Meanwhile, R&B and hip-hop were going through a bit of a dry spell in terms of crossover hits. Many of the biggest, most exciting artists across the genres -- Kanye West, Kendrick Lamar, Frank Ocean, Beyoncé -- had turned their focus towards being album artists, less concerned than ever with radio singles (which, for instance, West's unapologetically abrasive 2013 album Yeezus didn't even try to produce). The boost that on-demand streaming would ultimately give hip-hop on the charts was still years away from becoming fully realized. Even pop-friendly rappers like the Black Eyed Peas and Flo Rida were finding the Top 40 landscape murkier and less automatically amenable to their barnstroming jams than in previous years. Yet even admist this drought, there were white artists like Macklemore & Ryan Lewis, Robin Thicke and Miley Cyrus, rocketing to the top of the charts with hip-hop and R&B-flavored jams. It was a disparity that wasn't readily explained away. 

If conversations about this disparity were simmering for much of 2013 -- particularly following Cyrus and Thicke's infamously salacious performance at the 2013 MTV Video Music Awards, in which the duo were accused of, among other things, using their black backing dancers as sexual props  -- they burst through the surface in 2014. At the Grammys in January, Macklemore & Ryan Lewis were among the evening's biggest winners, taking home best new artist, best rap album (for 2012's The Heist), best rap song and best rap performance (both for "Thrift Shop"). The duo's four wins received instant criticism from fans and tastemakers who felt that there were worthier artists of color nominated in the categories they won -- particularly breakthrough rapper Kendrick Lamar, coming off his rapturously acclaimed major label debut good kid, m.A.A.d city, who was up for all four awards Macklemore & Ryan Lewis ended up winning. 

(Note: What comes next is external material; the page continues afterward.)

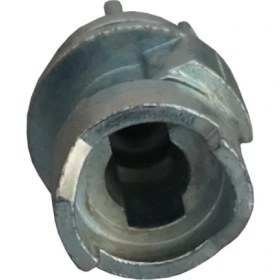 Resim Sav Otomotiv Volkswagen-Vw Için Kontakt Şaftı Tamir Parçası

Macklemore attempted to get ahead of the conversation by Instagramming a screenshot of a text he said he had sent to Lamar after the Grammys. "You got robbed," the text read, specifically in reference to the best rap album trophy. "I wanted you to win. You should have. It's weird and sucks that I robbed you." Rather than ease an already-tense moment, the quasi-apology was roundly derided as needlessly performative, or tone deaf. Drake, probably the era's biggest rapper, called the apology "wack as f--k," offering, "It felt cheap. It didn’t feel genuine." Macklemore & Ryan Lewis had already been taken to task for their mockery of hip-hop extravagance via the winkingly budget-conscious lyrics and video for "Thrift Shop," and the Grammys incident seemed to only confirm that they were operating as outsiders to the culture. 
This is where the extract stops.